ECLI:NL:RBARN:2010:BO3929
Rechtbank Arnhem
- Eerste aanleg - enkelvoudig
- N.W. Huijgen
- Rechtspraak.nl
Vordering tot opheffing of vermindering van verbeurde dwangsommen in merkinbreukzaak
In deze zaak vorderde de besloten vennootschap B.V. Euromedica Holding en B.V. Euromedica (hierna gezamenlijk aangeduid als Euromedica) de opheffing of vermindering van een verbeurde dwangsom van € 453.780,22, die was opgelegd bij een eerder vonnis van 9 juli 1999. De dwangsom was opgelegd omdat Euromedica was veroordeeld om inbreuken op de merkrechten van Merck te staken en gestaakt te houden. De rechtbank oordeelde dat voor de beoordeling van de vordering alleen omstandigheden relevant zijn die zich hebben voorgedaan vóórdat de maximale dwangsom was verbeurd, wat in dit geval eind augustus 1999 was. De rechtbank stelde vast dat Euromedica reeds vóór deze datum de maximale dwangsom had verbeurd door meer dan 100 doosjes van het geneesmiddel Renitec te verhandelen in strijd met het eerdere vonnis.
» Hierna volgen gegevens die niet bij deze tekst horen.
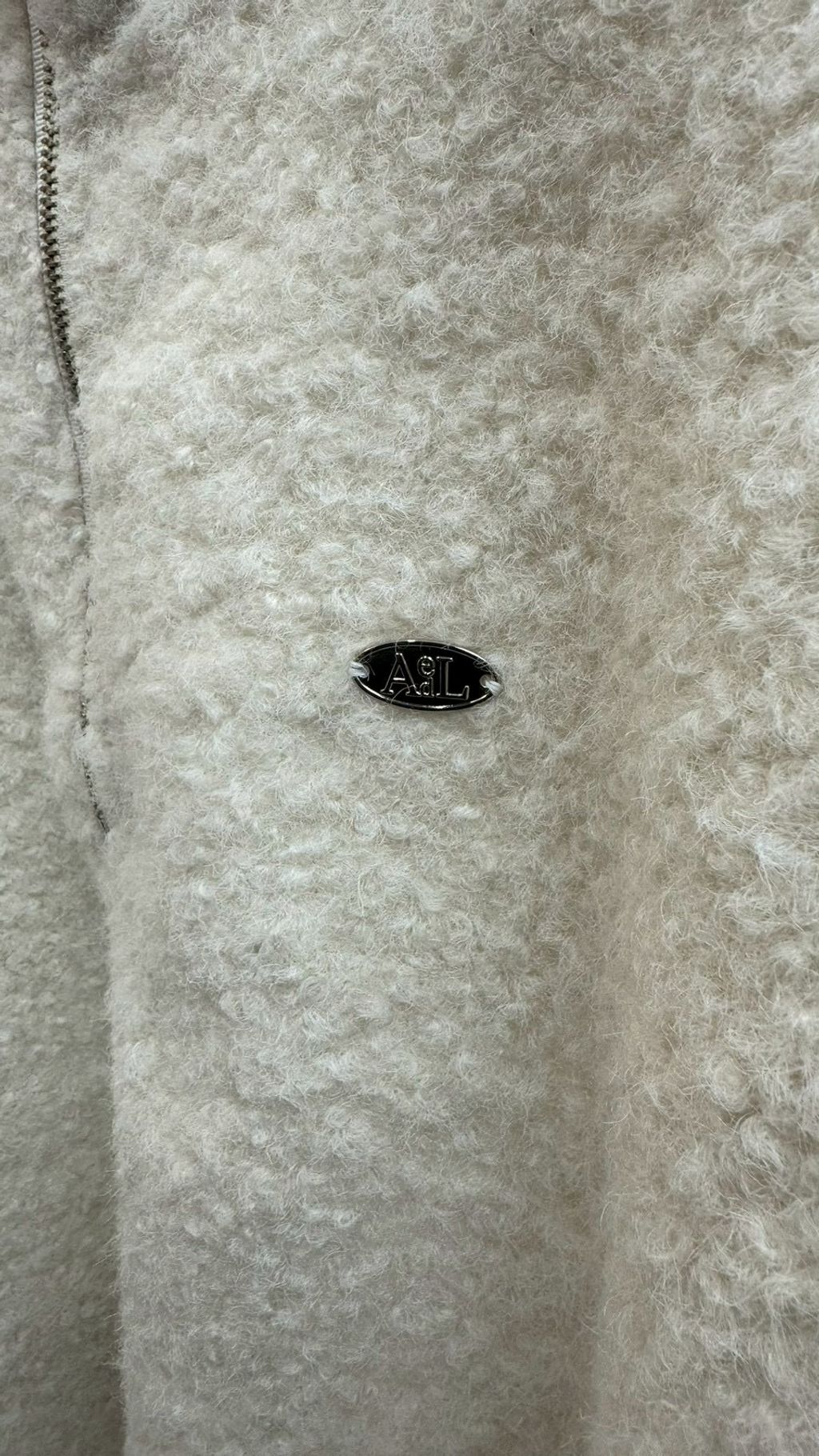 0131E4CF-A61F-4711-A5A4-E42105829E38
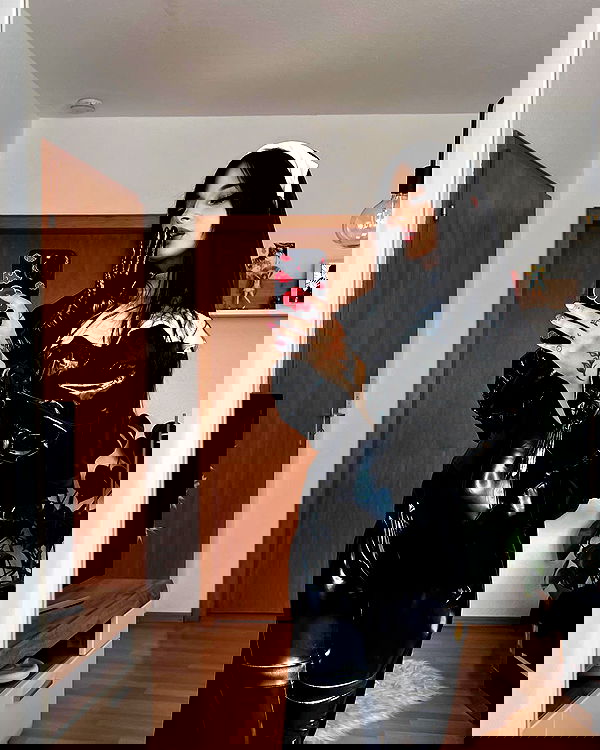 cata.leyah image ~ Altpins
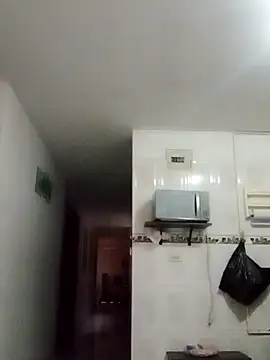 Snapshot of cazaperdidas chatting on 10-22-25, 09:36 cazaperdidas online show from 10-22-25, 09:36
De rechtbank oordeelde dat de overeenkomst die in juni 2000 tussen partijen was gesloten, niet leidde tot opheffing of vermindering van de dwangsommen, omdat deze overeenkomst niet relevant was voor de vraag of de dwangsom moest worden opgeheven of verminderd. Euromedica had onvoldoende aangetoond dat zij alle redelijke inspanningen had verricht om aan het vonnis van 9 juli 1999 te voldoen. De rechtbank concludeerde dat er geen omstandigheden waren die konden leiden tot opheffing of vermindering van de dwangsom. De vorderingen van Euromedica werden afgewezen en zij werd veroordeeld in de proceskosten van Merck, die op € 1.079,00 werden begroot.
Dit vonnis is uitgesproken door de voorzieningenrechter N.W. Huijgen op 27 oktober 2010, in aanwezigheid van de griffier M.J. Daggenvoorde.